Suppose that \(Y\) is Poisson distributed with mean \(\mu\).

(a) Verify that the first four moments are, respectively, \(\mu, \mu, \mu\), and \(3 \mu^{2}+\mu\).

(b) Show that there is a linear relationship between \(\operatorname{Pr}[Y=j]\) and \(\operatorname{Pr}[Y=j-\) 1], \(j=1,2, \ldots\).

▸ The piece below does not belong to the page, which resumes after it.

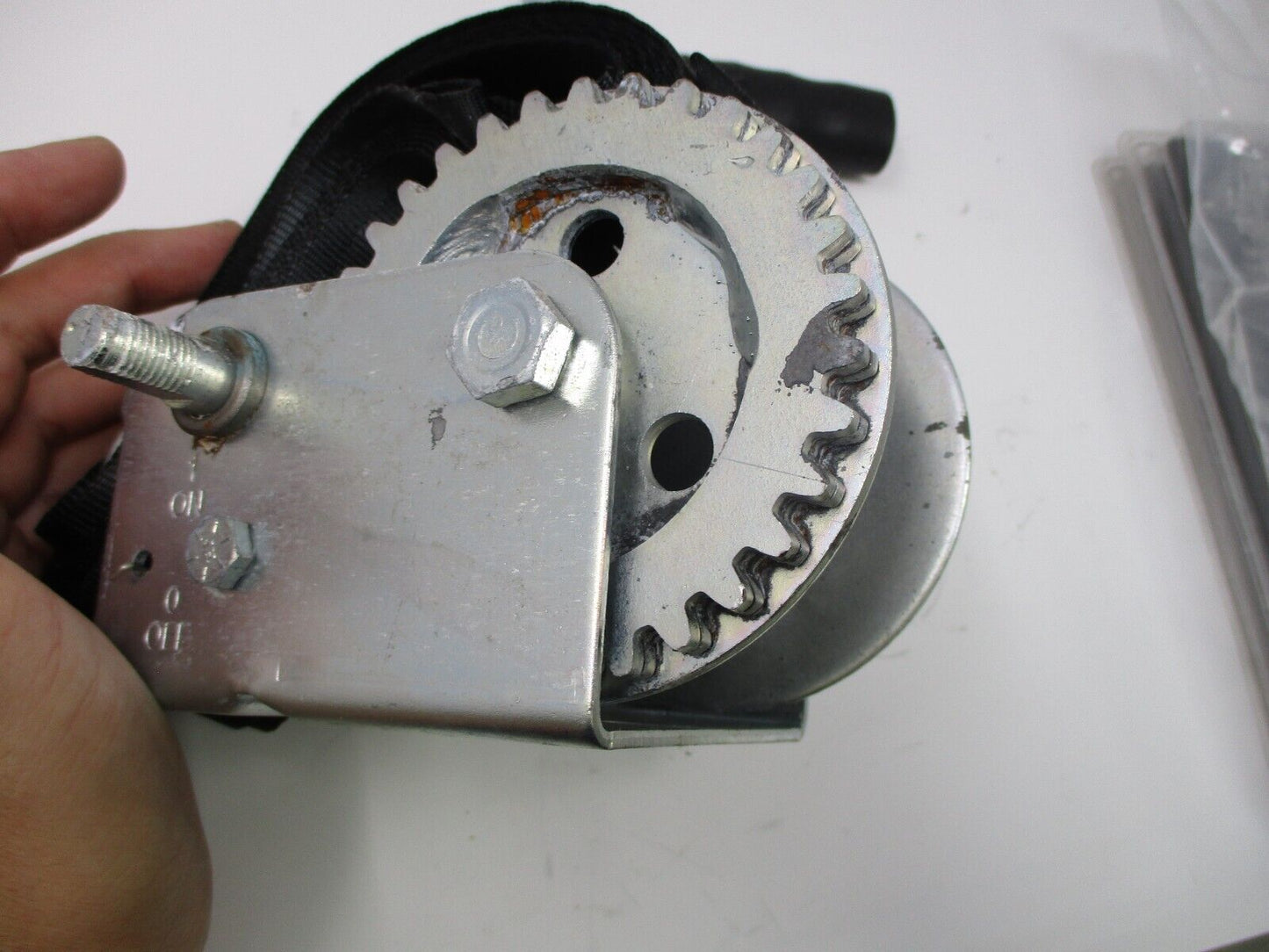 Dutton-Lainson+belt hook DL600A 600lbs Capacity Steel Pulling Hand Winch 5-1/2in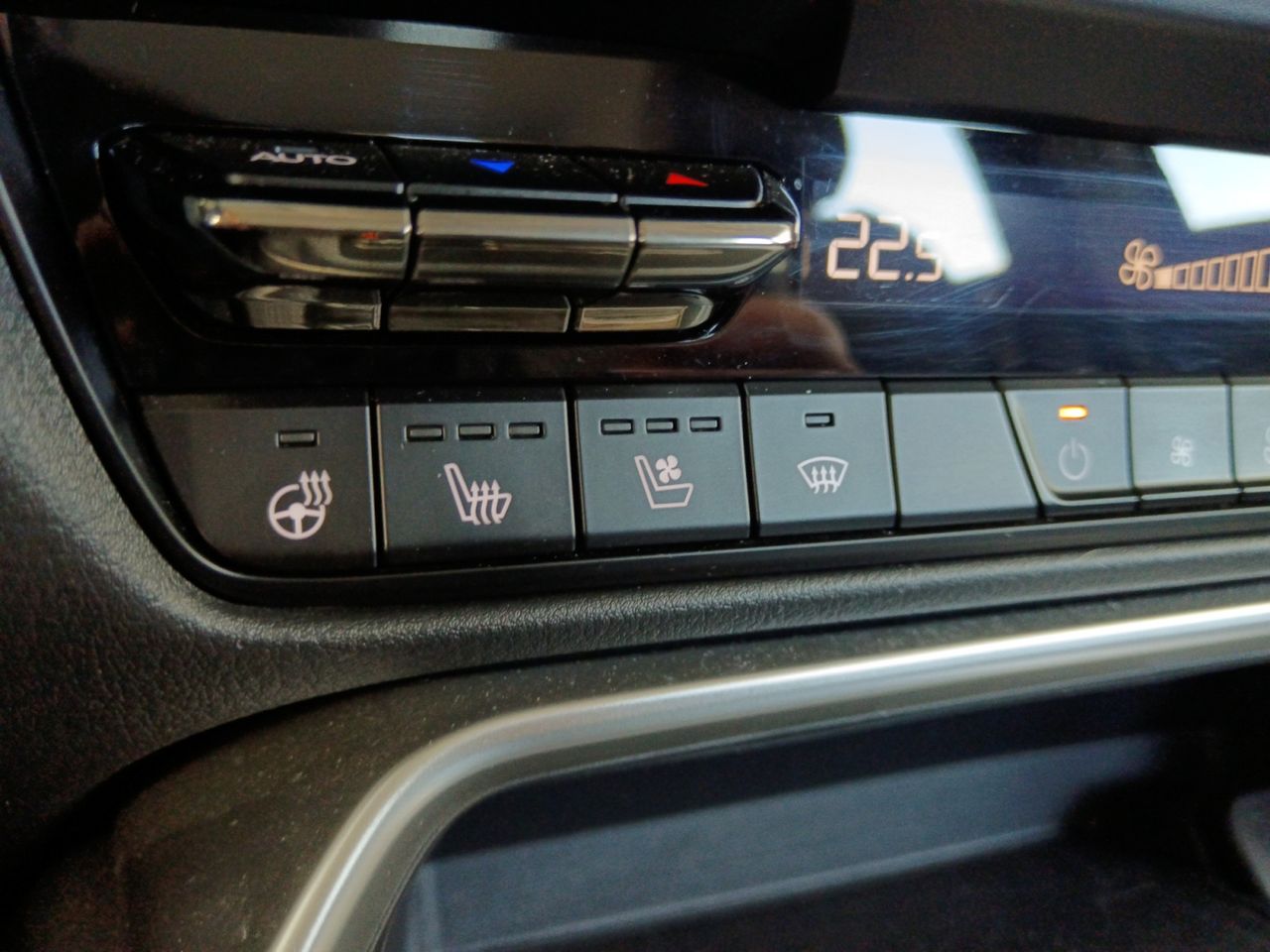Foto Mazda CX-60 21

(c) Consider the Poisson MLE in the regression case with \(\mu_{i}=\exp \left(\mathbf{x}_{i}^{\prime} \beta\right)\). Possible estimates of the variance of the Poisson MLE include \(\widehat{V}[\beta]=\) \(\left[\sum_{i} \widehat{\mu}_{i} \mathbf{x}_{i} \mathbf{x}_{i}^{\prime}\right]^{-1}\) and \(\widetilde{V}[\widehat{\beta}]=\left[\sum_{i}\left(y_{i}-\widehat{\mu}_{i}\right)^{2} \mathbf{x}_{i} \mathbf{x}_{i}^{\prime}\right]^{-1}\). Show that they are asymptotically equivalent (upon scaling by \(N\) ) if the data density is correctly specified.